Selahattin ÇELİK

Selahattin ÇELİK


Nuh Kavmi

04 Ekim 2016 - 08:28

Özellikle Mezopotamya’da açık izleri belirlenen Nuh Tufanı olayını araştırmak için yapılmış birçok kazı vardır. Bölgede yapılan kazılarda başlıca dört şehirde, büyük bir tufan sonucu gerçekleşmiş olabilecek sel felaketinin izlerine rastlanmıştır. Bu şehirler Mezopotamya’nın önemli şehirleri olan Ur, Uruk, Kiş ve Şuruppak’tır. Bu şehirlerde yapılan kazılar, bunların tümünün büyük bir sele maruz kaldıklarını, daha sonra zamanla tekrar yeni medeniyetlerin oluştuğu ve eski medeniyet kalıntılarının M.Ö. 7000’li yıllara kadar uzandığını göstermektedir.
Tufanın izlerini taşıyan Ur, Uruk, Şuruppak ve Kiş şehirleri dizilimini incelediğimiz zaman bunların bir hat üzerinde yer aldığını görmekteyiz. Öyleyse tufan, bu dört şehri ve çevresini etkilemiş olmalıdır. Ayrıca M.Ö. 3000’li yıllarda Mezopotamya Ovası’nın coğrafi yapısının günümüzden farklı olduğunu belirtmek gerekir. O devirde Fırat Nehri’nin yatağı, bugünküne göre daha doğuda bulunmaktaydı. Ur’un kalıntıları bugünkü Irak’ın Nasırıye şehrine 16 km mesafede, Fırat’ın Basra Körfezi’ne akış istikametine göre sağdadır.

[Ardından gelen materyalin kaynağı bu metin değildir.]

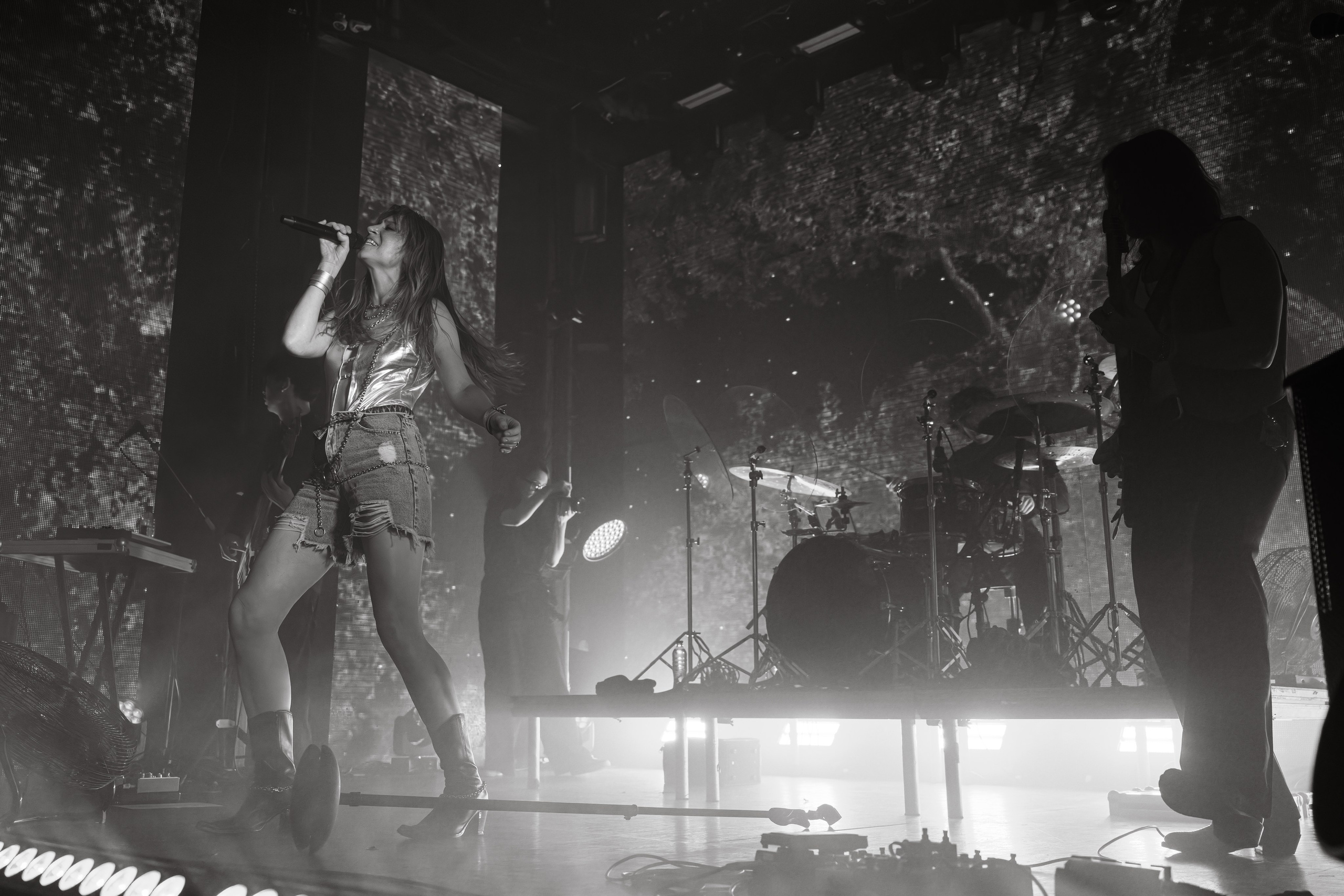 Концерт «Обе Две». Клуб VK Gipsy. 07.11.2025. Фотограф Анастасия Егорова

Bu akış rotası da Ur, Uruk, Şurppak ve Kiş’ten geçen bir hata denk geliyordu. “Kur’an-ı Kerim‘de belirtilen yeryüzü ve gökyüzü pınarlarının açılmasıyla” ifadesinden anlaşıldığına göre, Fırat Nehri taşmış ve yukarıda belirtilen bu dört şehri yerle bir ederek yayılmıştır.
Arkeologlar ve jeologlar, Mezopotamya’nın güneyinde tufan sonrası dönemde görülen insan yerleşmeleri henüz bir köy büyüklüğünde iken Ur’un mevcut olduğunu, fakat daha sonra terk edildiğini belirleyen kanıtlara ulaşmışlardır. Günümüzden yaklaşık 5 bin yıl kadar önce iklimin değişmesi ve bölgede kuraklığın hâkim olmasıyla birlikte, çiftçilikle uğraşan buradaki küçük köylerin, kuraklığa karşı büyük ölçekli, merkezi bir sulama sistemi geliştirdiğini, Ur Şehri’nin ise günümüzden yaklaşık 4600 yıl önce büyüyüp gelişmeye başladığını tahmin etmektedirler. Konumu itibariyle Ur’un bilhassa Arap Yarımadası’ndaki şehirlerle deniz ve kara ticareti kurması kolay olmuştu. Yine yapılan bir araştırmaya göre o zaman şehrin nüfusu (günümüzden 4030 ile 3980 yıl öncesinde) yaklaşık 65 bin civarında olup mevcut bilgilere göre burası o günlerde dünyanın en büyük şehriydi. Bulunan arkeolojik ve jeolojik yazılı kaynaklara göre, iklim değişikliğine ve nehirlerin yataklarının uğradıkları değişiklikler sonucu maddi refahın ortadan kalkması sonucunda Ur Şehri harabeye dönmüş ve zaman içinde toprak altında kalmıştır.
[1] Yahya, 2001, Kavimlerin Helaki, 48.